Harry stood on his front doorstep and looked at his two animals sitting gazing at him from the middle of the floor. Their eyes were sorrowful. ‘I shall be back,’ he told them; ‘I int gone for ever.’ He switched off the light, and slammed the door against their mourning approach.

In the street behind him Dave was waiting, massive in donkey-jacket and sea-boots, hunched against the black cold. It was a quarter to five on a gusty March morning.

They passed side by side through the narrow streets and narrower alleys, companionable to appearance, but awkwardly apart.

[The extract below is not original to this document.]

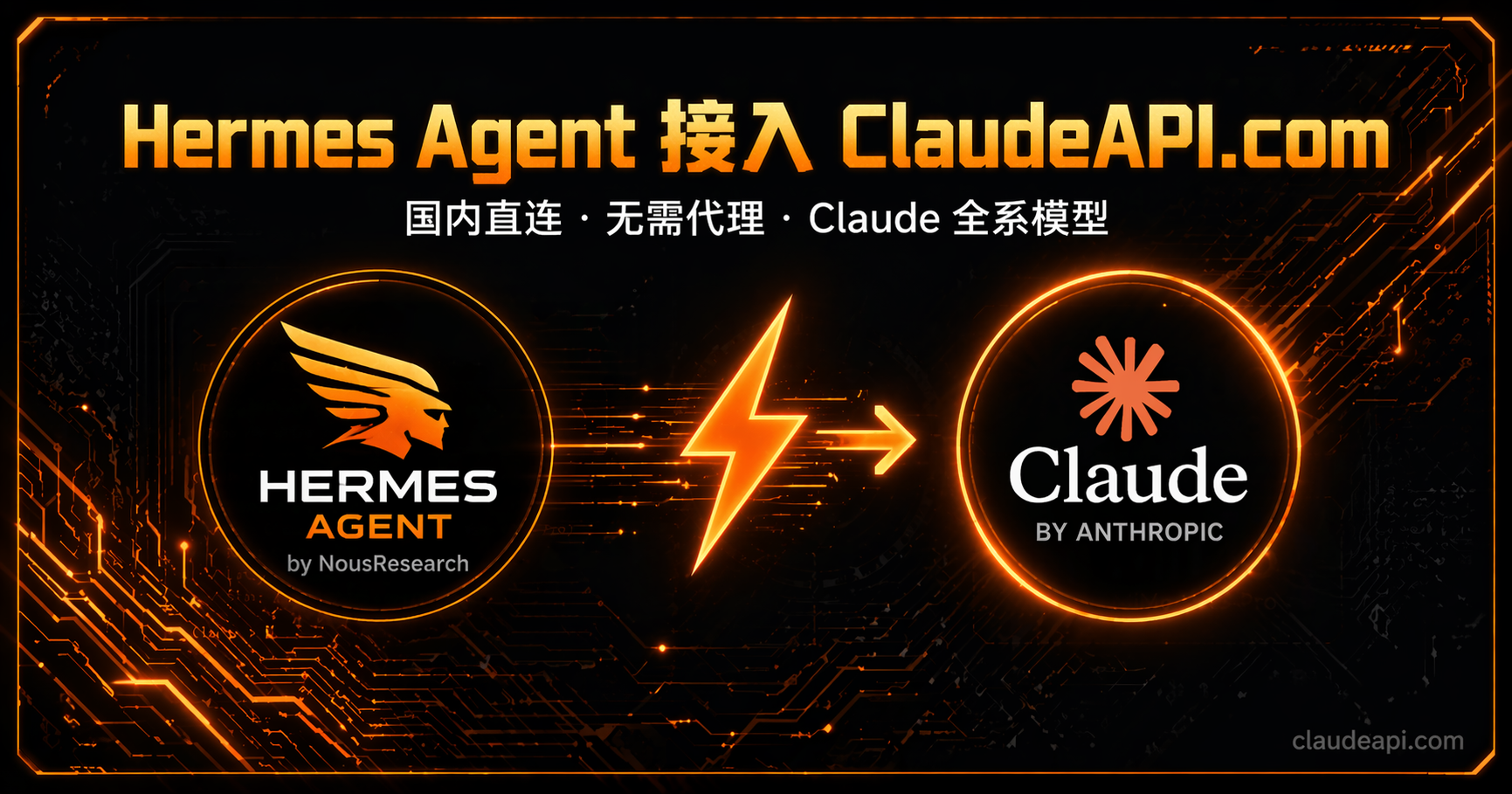 Hermes Agent 接入 ClaudeAPI.com 完整教程（2026最新）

They had hardly exchanged a word for two days, and could not begin to speak, with so many questions and so much pretended ignorance hanging between them.

On the wall at the top of Gorse Creek the slap of the low water rose to them, spiteful with wind, white-capped in the light from the waiting barge. In the blackness of land, sea and sky the little wheelhouse below them glowed yellow and warm.